AIM OF THE TASK: Would you please return the line containing "Pacific Headwear P421" and all the lines after it through the end of the records below, unchanged and on their own?

PROVIDED ENTRIES:
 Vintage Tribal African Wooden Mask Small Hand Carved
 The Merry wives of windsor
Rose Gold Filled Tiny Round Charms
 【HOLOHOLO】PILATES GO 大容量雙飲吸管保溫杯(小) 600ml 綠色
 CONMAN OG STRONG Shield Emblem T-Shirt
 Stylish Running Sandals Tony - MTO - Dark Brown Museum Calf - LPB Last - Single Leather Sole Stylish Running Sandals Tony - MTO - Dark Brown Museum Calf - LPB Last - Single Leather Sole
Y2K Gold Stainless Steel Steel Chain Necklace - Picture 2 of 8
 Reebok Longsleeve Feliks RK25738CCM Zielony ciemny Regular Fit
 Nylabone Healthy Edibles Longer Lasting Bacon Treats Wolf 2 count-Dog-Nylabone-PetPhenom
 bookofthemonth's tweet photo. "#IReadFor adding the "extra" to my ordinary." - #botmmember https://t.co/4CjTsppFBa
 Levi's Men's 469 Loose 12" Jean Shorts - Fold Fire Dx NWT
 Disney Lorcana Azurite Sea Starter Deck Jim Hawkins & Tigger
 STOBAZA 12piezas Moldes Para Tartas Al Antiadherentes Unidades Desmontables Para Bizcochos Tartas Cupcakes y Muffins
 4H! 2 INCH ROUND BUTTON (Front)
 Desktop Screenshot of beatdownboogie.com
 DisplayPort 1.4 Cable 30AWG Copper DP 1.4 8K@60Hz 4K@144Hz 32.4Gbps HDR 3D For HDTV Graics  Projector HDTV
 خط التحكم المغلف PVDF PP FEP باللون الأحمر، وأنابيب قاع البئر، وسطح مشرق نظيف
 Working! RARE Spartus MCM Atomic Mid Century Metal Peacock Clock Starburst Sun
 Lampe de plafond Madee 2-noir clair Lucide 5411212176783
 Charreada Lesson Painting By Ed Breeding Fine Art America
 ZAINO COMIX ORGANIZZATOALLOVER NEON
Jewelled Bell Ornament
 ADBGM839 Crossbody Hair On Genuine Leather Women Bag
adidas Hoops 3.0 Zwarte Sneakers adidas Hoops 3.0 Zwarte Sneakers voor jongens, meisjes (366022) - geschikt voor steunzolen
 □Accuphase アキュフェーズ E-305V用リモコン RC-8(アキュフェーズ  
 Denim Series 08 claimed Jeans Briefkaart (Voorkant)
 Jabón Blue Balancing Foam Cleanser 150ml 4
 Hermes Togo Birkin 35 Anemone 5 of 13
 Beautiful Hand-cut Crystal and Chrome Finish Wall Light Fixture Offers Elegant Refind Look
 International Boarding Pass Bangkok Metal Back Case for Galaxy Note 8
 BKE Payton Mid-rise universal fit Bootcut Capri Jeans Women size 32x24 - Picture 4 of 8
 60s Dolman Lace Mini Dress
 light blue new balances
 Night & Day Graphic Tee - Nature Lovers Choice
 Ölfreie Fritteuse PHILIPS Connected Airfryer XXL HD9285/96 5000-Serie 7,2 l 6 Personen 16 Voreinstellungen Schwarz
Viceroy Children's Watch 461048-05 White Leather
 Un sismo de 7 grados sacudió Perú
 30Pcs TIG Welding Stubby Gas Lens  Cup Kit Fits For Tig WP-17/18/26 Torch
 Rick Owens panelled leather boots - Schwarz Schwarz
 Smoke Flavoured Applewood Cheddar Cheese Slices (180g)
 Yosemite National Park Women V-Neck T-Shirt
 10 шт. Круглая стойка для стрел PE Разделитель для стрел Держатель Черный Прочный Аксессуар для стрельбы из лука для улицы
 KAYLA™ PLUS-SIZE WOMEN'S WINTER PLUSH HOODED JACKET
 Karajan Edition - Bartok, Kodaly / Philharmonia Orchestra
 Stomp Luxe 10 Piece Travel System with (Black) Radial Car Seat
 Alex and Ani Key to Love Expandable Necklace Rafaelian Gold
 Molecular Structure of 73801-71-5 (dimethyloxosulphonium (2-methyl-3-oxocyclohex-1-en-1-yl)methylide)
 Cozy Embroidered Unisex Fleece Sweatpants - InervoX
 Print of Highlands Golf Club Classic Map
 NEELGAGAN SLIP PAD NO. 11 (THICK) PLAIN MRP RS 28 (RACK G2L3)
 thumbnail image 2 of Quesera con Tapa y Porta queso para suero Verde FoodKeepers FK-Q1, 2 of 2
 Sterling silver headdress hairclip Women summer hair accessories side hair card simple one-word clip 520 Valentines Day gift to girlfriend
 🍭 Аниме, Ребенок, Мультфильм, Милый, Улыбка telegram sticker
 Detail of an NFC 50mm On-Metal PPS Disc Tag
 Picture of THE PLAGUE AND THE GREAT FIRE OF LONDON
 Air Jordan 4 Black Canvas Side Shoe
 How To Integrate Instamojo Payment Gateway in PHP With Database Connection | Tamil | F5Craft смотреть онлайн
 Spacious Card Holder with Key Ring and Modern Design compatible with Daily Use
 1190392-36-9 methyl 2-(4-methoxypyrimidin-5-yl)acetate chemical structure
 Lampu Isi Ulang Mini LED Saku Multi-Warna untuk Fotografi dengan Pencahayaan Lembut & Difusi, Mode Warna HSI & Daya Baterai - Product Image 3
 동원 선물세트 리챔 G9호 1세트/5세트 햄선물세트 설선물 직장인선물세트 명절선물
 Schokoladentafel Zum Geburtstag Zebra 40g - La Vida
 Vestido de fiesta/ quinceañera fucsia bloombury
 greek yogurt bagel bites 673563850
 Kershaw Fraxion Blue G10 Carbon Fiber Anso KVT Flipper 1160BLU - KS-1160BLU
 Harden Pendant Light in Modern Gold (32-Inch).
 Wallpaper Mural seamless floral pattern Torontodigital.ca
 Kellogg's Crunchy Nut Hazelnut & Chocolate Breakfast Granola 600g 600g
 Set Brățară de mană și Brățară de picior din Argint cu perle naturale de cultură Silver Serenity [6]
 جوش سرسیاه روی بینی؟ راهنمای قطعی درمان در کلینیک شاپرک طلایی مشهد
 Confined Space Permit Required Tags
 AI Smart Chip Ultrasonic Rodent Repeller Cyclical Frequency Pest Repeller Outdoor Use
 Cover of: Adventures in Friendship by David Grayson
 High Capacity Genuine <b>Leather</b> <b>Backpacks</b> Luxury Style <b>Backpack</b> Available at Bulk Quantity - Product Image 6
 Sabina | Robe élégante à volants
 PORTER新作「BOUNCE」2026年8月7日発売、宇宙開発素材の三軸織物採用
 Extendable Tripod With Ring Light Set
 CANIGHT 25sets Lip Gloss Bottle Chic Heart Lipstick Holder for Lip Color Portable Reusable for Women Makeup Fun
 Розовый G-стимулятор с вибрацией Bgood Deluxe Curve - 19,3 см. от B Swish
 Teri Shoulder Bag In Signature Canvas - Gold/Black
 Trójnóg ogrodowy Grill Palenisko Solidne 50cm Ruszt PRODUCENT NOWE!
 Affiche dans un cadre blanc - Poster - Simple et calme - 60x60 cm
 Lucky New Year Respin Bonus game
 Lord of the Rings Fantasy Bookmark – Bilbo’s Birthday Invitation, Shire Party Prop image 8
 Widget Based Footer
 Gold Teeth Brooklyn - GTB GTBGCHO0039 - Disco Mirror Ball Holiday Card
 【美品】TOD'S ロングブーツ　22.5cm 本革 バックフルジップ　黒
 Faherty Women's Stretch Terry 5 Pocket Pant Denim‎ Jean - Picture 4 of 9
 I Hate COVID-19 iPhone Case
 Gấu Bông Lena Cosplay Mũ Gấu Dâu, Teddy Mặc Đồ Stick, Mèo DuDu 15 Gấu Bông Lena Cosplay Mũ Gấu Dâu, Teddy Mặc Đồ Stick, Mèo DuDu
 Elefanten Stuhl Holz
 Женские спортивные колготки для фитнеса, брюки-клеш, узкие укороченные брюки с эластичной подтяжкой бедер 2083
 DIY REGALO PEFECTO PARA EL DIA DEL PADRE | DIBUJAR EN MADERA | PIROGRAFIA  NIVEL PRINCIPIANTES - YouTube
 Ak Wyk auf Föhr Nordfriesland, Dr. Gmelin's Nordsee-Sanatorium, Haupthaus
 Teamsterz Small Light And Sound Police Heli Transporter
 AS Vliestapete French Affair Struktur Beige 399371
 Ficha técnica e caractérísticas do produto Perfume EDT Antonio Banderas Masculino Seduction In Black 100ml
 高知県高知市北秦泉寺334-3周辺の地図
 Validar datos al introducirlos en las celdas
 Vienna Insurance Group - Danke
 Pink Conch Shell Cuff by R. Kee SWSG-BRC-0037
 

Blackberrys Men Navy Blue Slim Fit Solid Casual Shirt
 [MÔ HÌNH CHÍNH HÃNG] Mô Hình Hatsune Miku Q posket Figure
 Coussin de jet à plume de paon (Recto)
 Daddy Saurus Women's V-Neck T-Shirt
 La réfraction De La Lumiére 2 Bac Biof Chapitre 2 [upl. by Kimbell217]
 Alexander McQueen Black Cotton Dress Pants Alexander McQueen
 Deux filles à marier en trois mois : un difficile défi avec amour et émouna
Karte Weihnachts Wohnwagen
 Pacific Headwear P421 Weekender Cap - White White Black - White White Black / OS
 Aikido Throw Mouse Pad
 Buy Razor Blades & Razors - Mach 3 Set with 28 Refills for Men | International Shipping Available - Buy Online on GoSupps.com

SOLVED EXERCISE:
 Pacific Headwear P421 Weekender Cap - White White Black - White White Black / OS
 Aikido Throw Mouse Pad
 Buy Razor Blades & Razors - Mach 3 Set with 28 Refills for Men | International Shipping Available - Buy Online on GoSupps.com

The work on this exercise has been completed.